There’s been a rash of database-corruption posts recently. On the two forums that I read, there have so far been around 12 corruption-related problems so far this month. That’s frightening. Many of the problems were only solved either with some data loss or with a lot of work, or both. So what are the two things that most of these cases had in common.
- No backups
- No corruption checks
Backups
Having no backups is pretty inexcusable, whether its because no backups were scheduled or whether it’s because the backups were failing. Paul’s written about the importance of the right backups, and I’m not going to repeat him here.
Just having backups is not sufficient. The backups have to be restorable. A backup that’s not restorable is, in my opinion, worse than no backup at all. That means that the jobs have to be checked to ensure that they did run without error and the backups have to be restored somewhere to test them. Ultimately that’s the only way to be 100%, absolutely sure that a backup is restorable.
In SQL 2005 and higher, if the database has checksum page protection and the backup is done with the checksum option then damaged pages will be detected at backup time and damage to the backup set will be detected by RESTORE VERIFYONLY. This may not be the case if the backup was not made with the checksum option.

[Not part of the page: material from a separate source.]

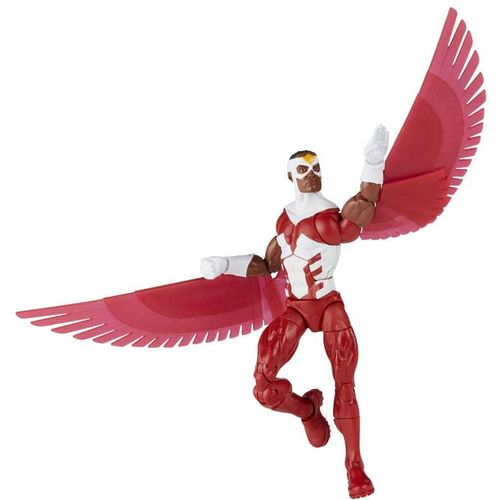 HASBRO Marvel Legends Retro Falcon figure 15cm slika 5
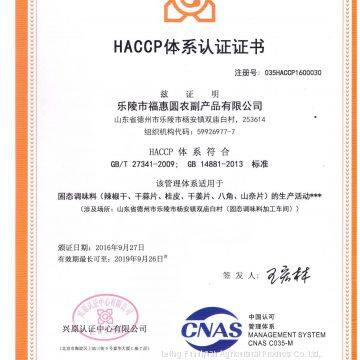 HACCP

The other thing that has to be considered is the integrity of the backup media. I’ve seen a case where an IO problem not only damaged the database but also damaged the backup file to the point where it would not restore, despite the backup being on a different LUN of the SAN with no drives shared between it and the data LUN
So, to conclude this section, do you have backups and are you sure your database backups can be restored? Have you tried recently?
Corruption checks
If corruption checks aren’t done regularly, there’s a good chance that any corruption that occurs will remain hidden for quite some time. If this does happen, and the database backups are not made with the CHECKSUM option, then the corrupt pages will get backed up. This causes obvious problems when trying to fix corruption by restoring from a backup.
I’ve seen people say that if they have the Page Verifications et to checksum, there’s no need to run CheckDB. That is not true. Other than backups (when taken with the CHECKSUM option) there is no other operation that reads and checks all of the page checksums in the database. Just having the page checksums in place doesn’t help if there’s never a check made to see that all of them are still correct.
A good database maintenance routine must include running CheckDB regularly or, if there isn’t time to run checkDB, a mixture of CheckAlloc, CheckCatalog and CheckTable on all tables.
How often? Often enough that, should corruption be detected, restoring from a clean backup is an option.
In Conclusion
I would consider the protection of data to be a DBA’s top priority. So backups and integrity checks should be top of the list of things to check and double check, because slipping in this area could have very nasty consequences for the business.
Do you have backups of all your critical production systems?
Are they restorable?
Are you sure?
Do you have corruption in any of your databases?
Are you sure?